During our walk around town on Friday, we went to one of the many booths that offer tours from sport fishing to horseback riding. Our interest was snorkeling, so we signed up for a snorkeling tour to la Isla Tortuga on Saturday. I ran for a little bit on the beach when I woke up on Saturday morning before we had to leave for the snorkeling tour. We left at 9:30 on a boat with several other people for Isla Tortuga, which is about 45 minutes away. I love the feeling of being on a boat, so I even enjoyed the trip to the island. Once we got there, we snorkeled for a little over an hour and then we all went to the island for lunch. Isla Tortuga is gorgeous...turquoise water, white sand, and palm trees. Our guides prepared a big lunch for us of fish, rice, veggies, and tons of fresh fruit. After relaxing on the beach, we went out again for a second snorkeling session. The morning was definitely better, but the afternoon was still fun. We headed back for Montezuma around 4 and on the way there, our guides spotted 2 tortoises mating in the water. It was pretty cool to see big turtles in the middle of the ocean.

Now to my favorite part of the weekend.
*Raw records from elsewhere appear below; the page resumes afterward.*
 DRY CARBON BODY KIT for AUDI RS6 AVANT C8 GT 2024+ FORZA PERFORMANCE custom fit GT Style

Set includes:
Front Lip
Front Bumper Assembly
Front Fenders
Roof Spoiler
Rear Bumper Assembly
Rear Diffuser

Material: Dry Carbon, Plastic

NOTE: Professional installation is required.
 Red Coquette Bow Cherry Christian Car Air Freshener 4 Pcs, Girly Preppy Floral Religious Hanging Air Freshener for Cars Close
On Sunday morning we hiked to some very well-known waterfalls right in Montezuma. We had been told that they were only a 15 minute walk away, but we soon found out that 15 minutes just took us to the base of the trail that leads to the waterfalls. Before we knew it, this "trail" turned into slippery rocks across a river and over smaller waterfalls and then through trees and extremely steep uphills and downhills until we finally arrived at the base of the 3 waterfalls. Just looking up at the waterfalls, however, was not enough for us - we wanted to get up to the top. We couldn't quite see a direct way to get up there, but we could see people at the top, so we knew that there had to be some way. Long story short, we found ourselves hiking, it was really more like rock climbing, up extremely rugged terrain that required using all fours and our backsides at times. I wouldn't call what we did safe, but I had a blast, and once we arrived at the top, it was entirely worth the risks.

At the base of each waterfall is a pool of water that flows down to the next waterfall. The top waterfall is the smallest, the middle is the second largest, and the first is the largest. We were able to swim in the pool in between the third and the second waterfalls and there was a rope swing that we jumped off of as well. We also jumped and dove from the top of the third waterfall, which was so much fun! Caitlin and I however, wanted to be a little bit more daring. Caitlin, Miss Hawaii, did not waste any time jumping from the top of the second water fall, which is about 8 meters (35ish feet). I, however, had to think about it. I warmed up on the smallest waterfall and then decided that I wanted to jump as well. But once I was standing on the edge of the waterfall ready to jump, my ambition dwindled quite a bit. As I stood there thinking, ticos kept jumping one after the other like it was no big deal. I decided that I was just going to have to go, ready or not, if I wanted to do it, so that's exactly what I did. It was awesome! The only bad thing was that my butt broke part of my fall, so I have a terribly bruised tailbone now. It has improved, but I still have to sit down very carefully one week later.

Needless to say, I had a great trip. I can't believe it was only one week ago...it feels like forever. This past week of classes threw me back into reality. I had to read a 200 page novel, in Spanish, in 3 days! It was rough, but I have to say that I'm quite proud of myself. I am incredibly modest when it comes to talking about my Spanish proficiency because I still have soooo much to learn and still have plenty of room to improve, but I have to say that I am impressed with my progress after only 3 weeks here.

After the excitement of last weekend, I was glad to spend a more relaxed weekend here in Heredia. Today I went to mass at 9:00 this morning with Claudia and then she took me to a concert in the central park of Heredia that takes place every Sunday at 10:00. I love the culture and the traditions here. I don't know any where in the U.S. where you could find a huge crowd of people of all different ages gathered around a Mariachi band at 10:00 on a Sunday morning, eating ice cream I might add (I, of course, took part in the ice cream eating).